“Real is taking care of your motherfucking family.”
-Kenny Duckworth Sr.
Kendrick Lamar’s Good Kid, m.A.A.d. city is one of the most remarkable albums of our time for a number of reasons. The music is groundbreaking, the lyrics are complex, and it appeals to all facets of what falls under the umbrella of hip-hop
But, in my mind, the most unheralded unique aspect of GKMC is one that’s most important to society as a whole. Through the voicemail skits that drive the narrative of the album, Kendrick introduces us to his parents. His real parents, not voice actors.
Perhaps this is the first truly intergenerational rap album.
Until now, the common trope has been the divide between what you listen to, and what your parents listen to. But rap is of the age where there are quite a number of mature adult fans with of-age children. This is probably best demonstrated in YouTube clips of a 2011, pre-GKMC Kendrick performing, when he takes a moment to tell the audience about how his parents raised him and then plays some of their favourite songs. His father’s? Tupac’s “Hail Mary”. His Mother’s? Snoop’s “Ain’t No Fun”, where Nate Dogg croons “When I met you last night baby, before you opened up your gap.”

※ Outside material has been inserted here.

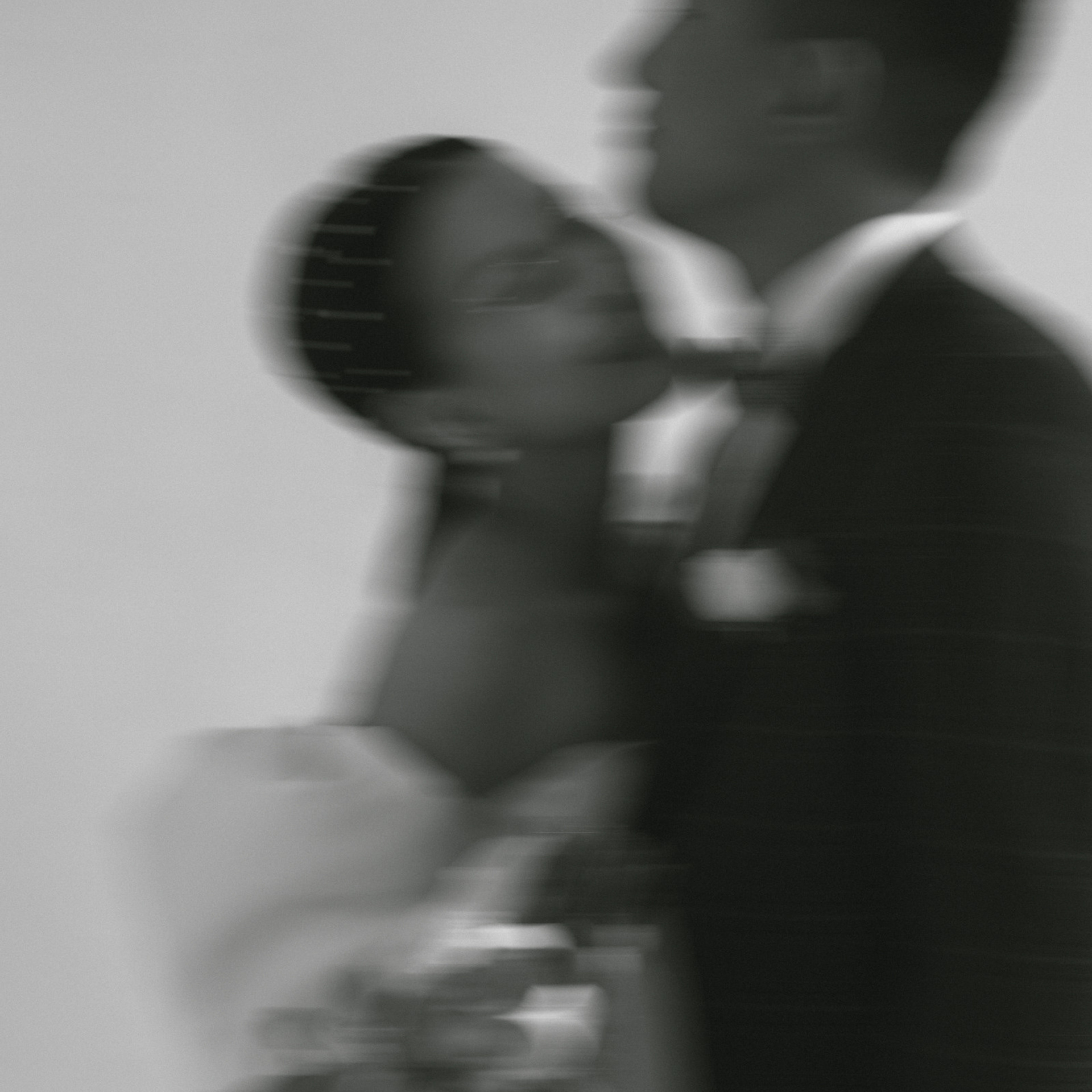 Галсан и Камила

Classic hip-hop records indeed, but a bit unconventional to enjoy with those who conceived you. But why is that? Why does our moral compass lead us to deny shared intergenerational interests when a few crass lyrics are involved? What if the Duckworth family is actually the prototype for a healthy enjoyment of hip-hop in the homestead?

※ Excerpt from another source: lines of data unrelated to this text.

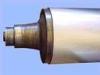 Hand By Hand Matt Finish Roller For Washers / Automobile / Electric Motor / Bathtub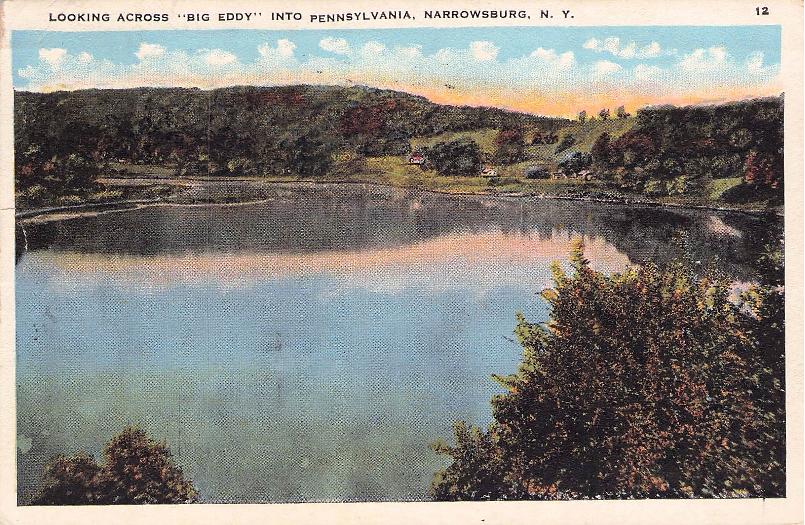 Sullivan County, NY (43 items)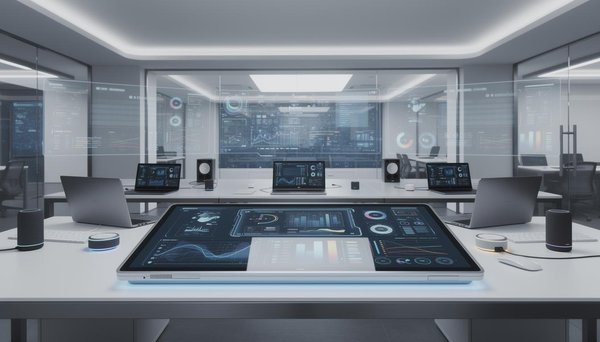 Why Aveon Stands Out: the leading advancements in modern technology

I would argue that mothers, fathers and sons bonding over weed anthems, hoodrat tales and dominos is one of the most redeeming things in Kendrick’s debut. In a genre where we’ve become accustomed to struggling single mother stories and rebellious children, we’re instead presented with a strong two-parent household of common respect. For the most part. Kendrick has clearly abused his minivan borrowing privileges, but his mother’s voicemails still reaffirm her faith in his success.
K-dot’s story isn’t devoid of struggle. He’s a good kid navigating one of America’s maddest cities, dealing with the traps that come when violence permeates a collective adolescence. But he is not navigating these waters alone. More than homies, he has a father that imparts in him valuable survival lessons, and a mother who instructs him to live as an example for others.

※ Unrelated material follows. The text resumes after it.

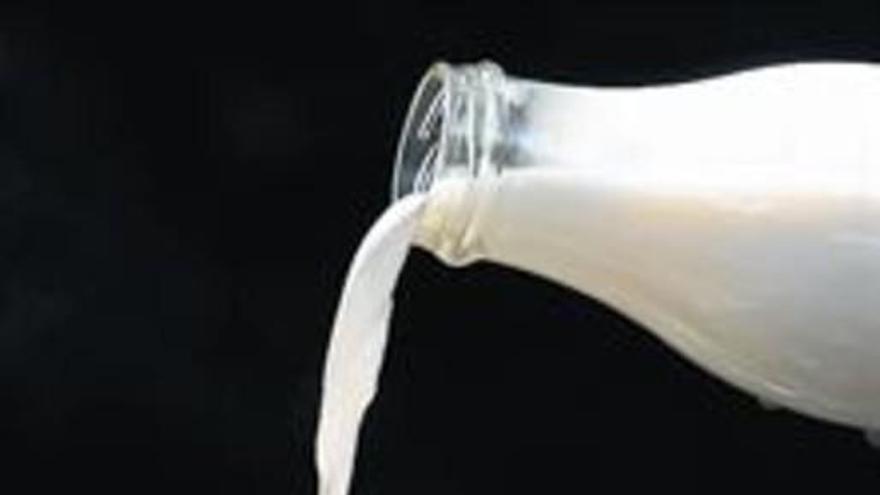 La OCU elige a la leche semidesnatada de Mercadona la mejor del mercado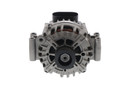 Bosch Alternator AL9445X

And this is the best family can do, whether in Compton, California or the safest of Canadian suburbs. Provide your children with knowledge that can protect them, and encourage them to act likewise, all while keeping a roof over their head and food on the table. The same table where they sit and scribe one of the most progressive hip-hop albums the world has ever heard.
Kendrick’s parents are hilarious. They’re honest. They don’t attempt to shelter their son. They don’t hide their vices, and in doing so, teach a child how to balance theirs. They’re role models for us: aging hip-hop listeners, now raising children of our own.
With GKMC, hip-hop has grown up. Not in a grown and sexy trending for the moment catch phrase, but in a way that’s really really real.